- **TASK REQUIREMENTS**: Output the complete listing exactly, please, and keep the pictures out of it.

- **DATASET EXCERPT**:
● ● ● ●
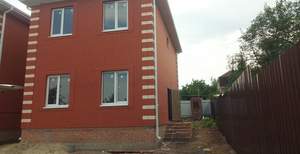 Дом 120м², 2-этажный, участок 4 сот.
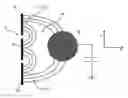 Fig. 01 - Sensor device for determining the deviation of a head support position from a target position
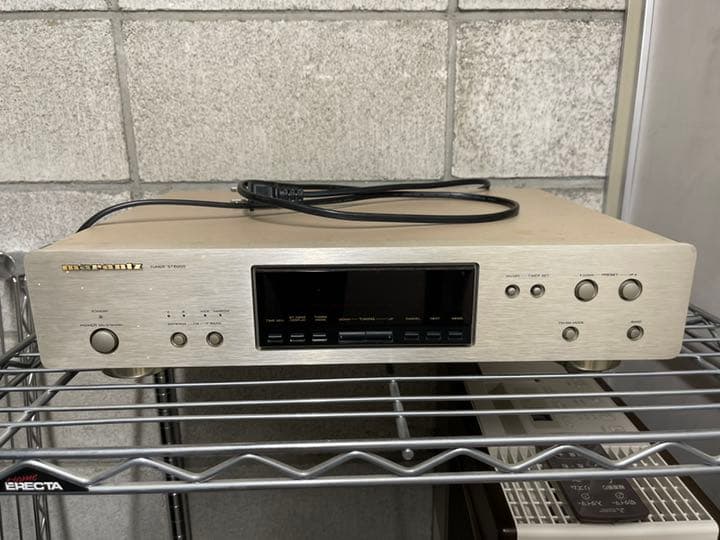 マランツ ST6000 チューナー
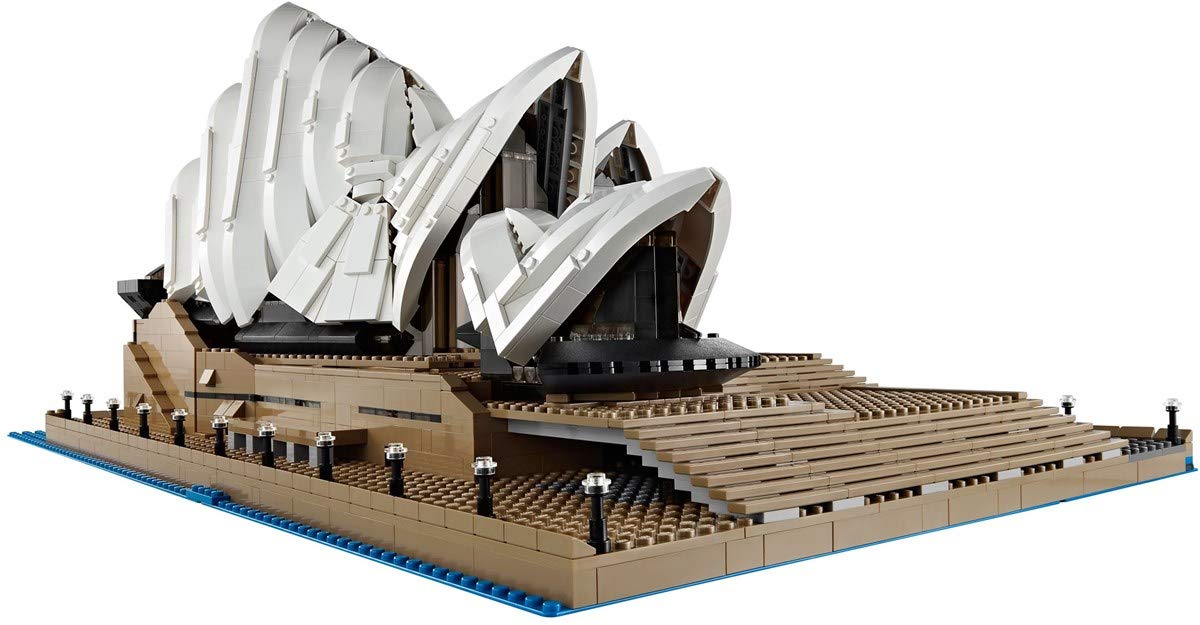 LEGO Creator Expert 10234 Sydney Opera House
● ● ● ●
- **EXERCISE SOLUTION**:
 Дом 120м², 2-этажный, участок 4 сот.
 Fig. 01 - Sensor device for determining the deviation of a head support position from a target position
 マランツ ST6000 チューナー
 LEGO Creator Expert 10234 Sydney Opera House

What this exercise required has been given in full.